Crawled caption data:
------------------------------------------------

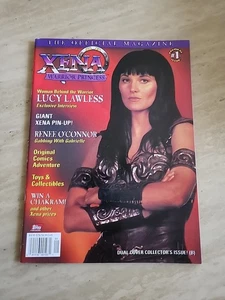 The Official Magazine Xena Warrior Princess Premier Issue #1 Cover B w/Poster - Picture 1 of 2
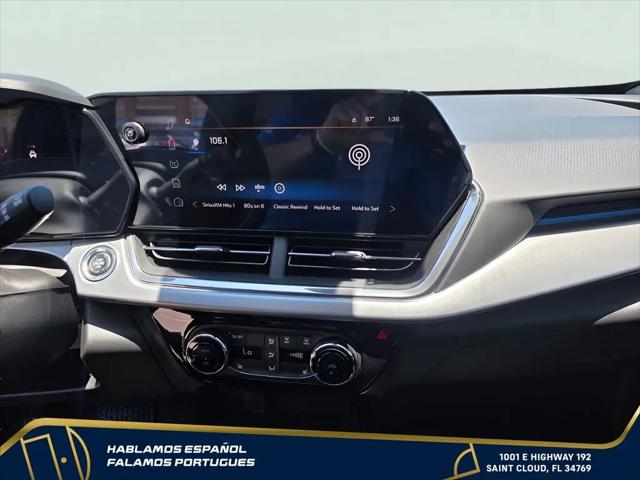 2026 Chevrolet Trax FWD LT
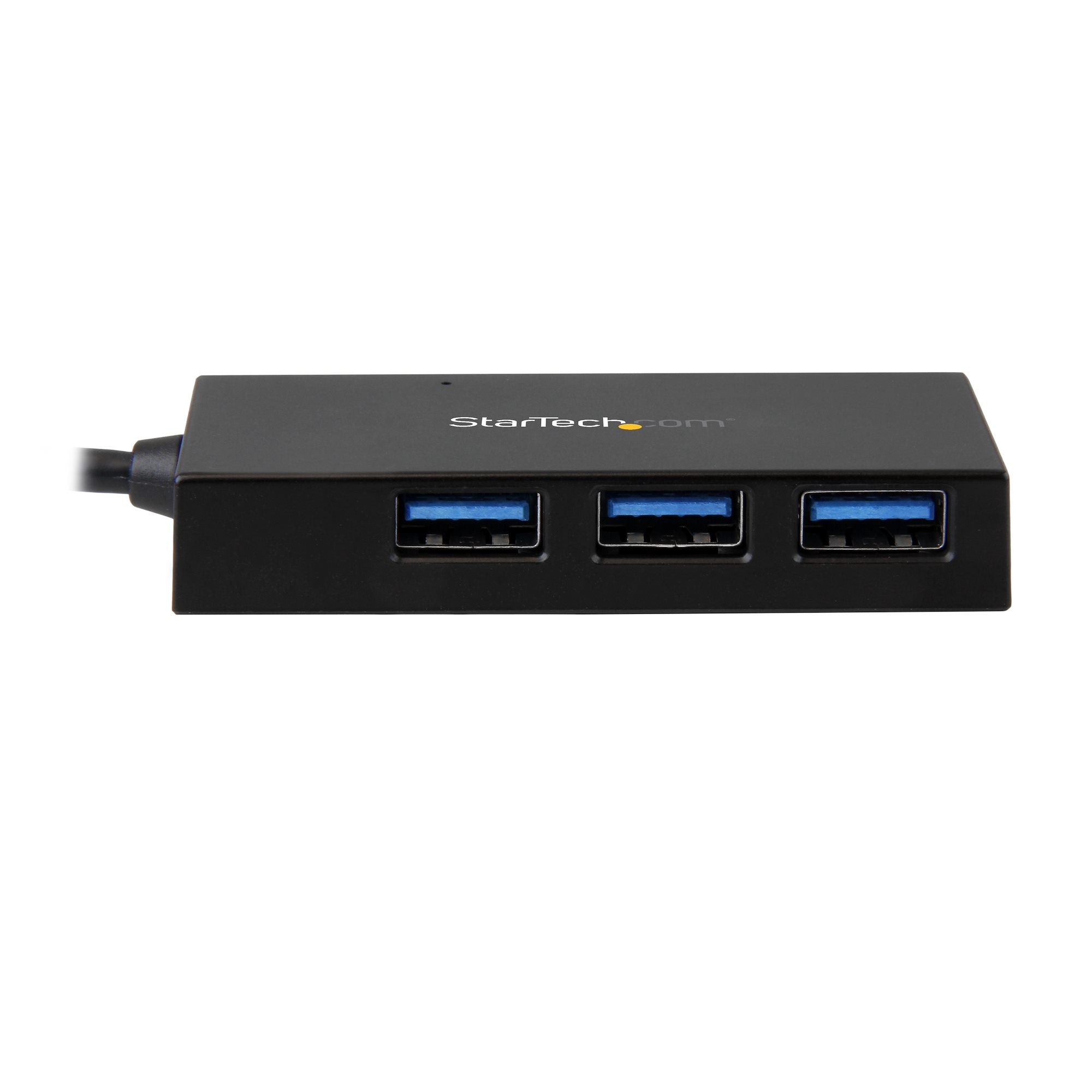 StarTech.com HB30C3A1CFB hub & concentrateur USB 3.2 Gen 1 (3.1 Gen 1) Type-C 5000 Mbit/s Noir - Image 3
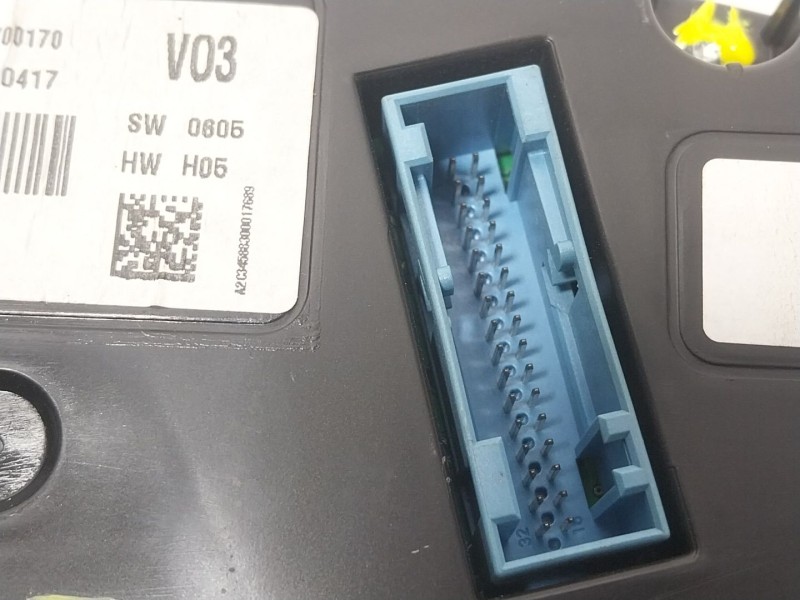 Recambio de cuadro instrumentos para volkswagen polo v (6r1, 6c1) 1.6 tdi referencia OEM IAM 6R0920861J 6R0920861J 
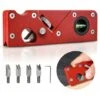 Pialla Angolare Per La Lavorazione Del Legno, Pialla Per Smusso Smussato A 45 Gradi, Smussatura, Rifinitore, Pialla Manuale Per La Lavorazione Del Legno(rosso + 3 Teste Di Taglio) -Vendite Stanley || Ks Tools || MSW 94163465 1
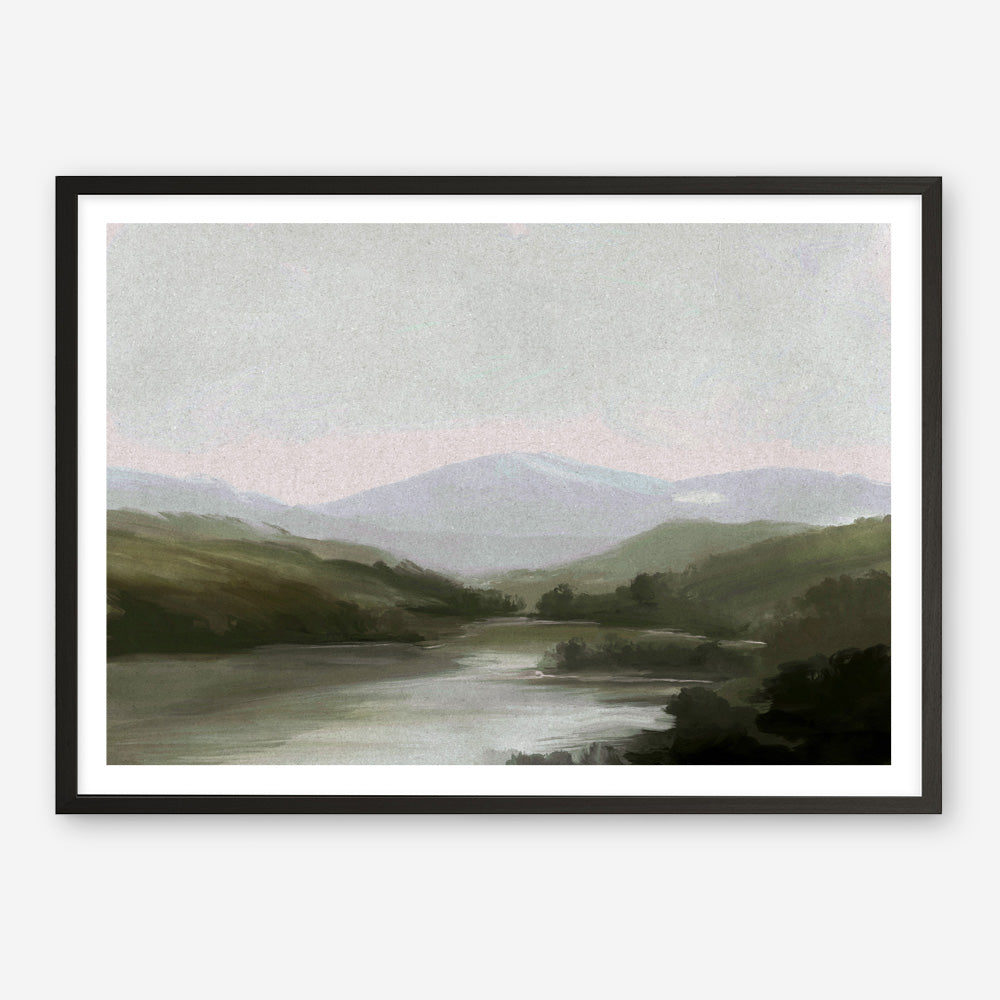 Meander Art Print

------------------------------------------------

*WHAT YOU NEED TO DO*. Find the line containing "2026 Chevrolet Trax FWD LT", then extract it and every line after it to the end of the data above, exactly and nothing else, without pictures.

*ANSWER BELOW*.
 2026 Chevrolet Trax FWD LT
 StarTech.com HB30C3A1CFB hub & concentrateur USB 3.2 Gen 1 (3.1 Gen 1) Type-C 5000 Mbit/s Noir - Image 3
 Recambio de cuadro instrumentos para volkswagen polo v (6r1, 6c1) 1.6 tdi referencia OEM IAM 6R0920861J 6R0920861J 
 Pialla Angolare Per La Lavorazione Del Legno, Pialla Per Smusso Smussato A 45 Gradi, Smussatura, Rifinitore, Pialla Manuale Per La Lavorazione Del Legno(rosso + 3 Teste Di Taglio) -Vendite Stanley || Ks Tools || MSW 94163465 1
 Meander Art Print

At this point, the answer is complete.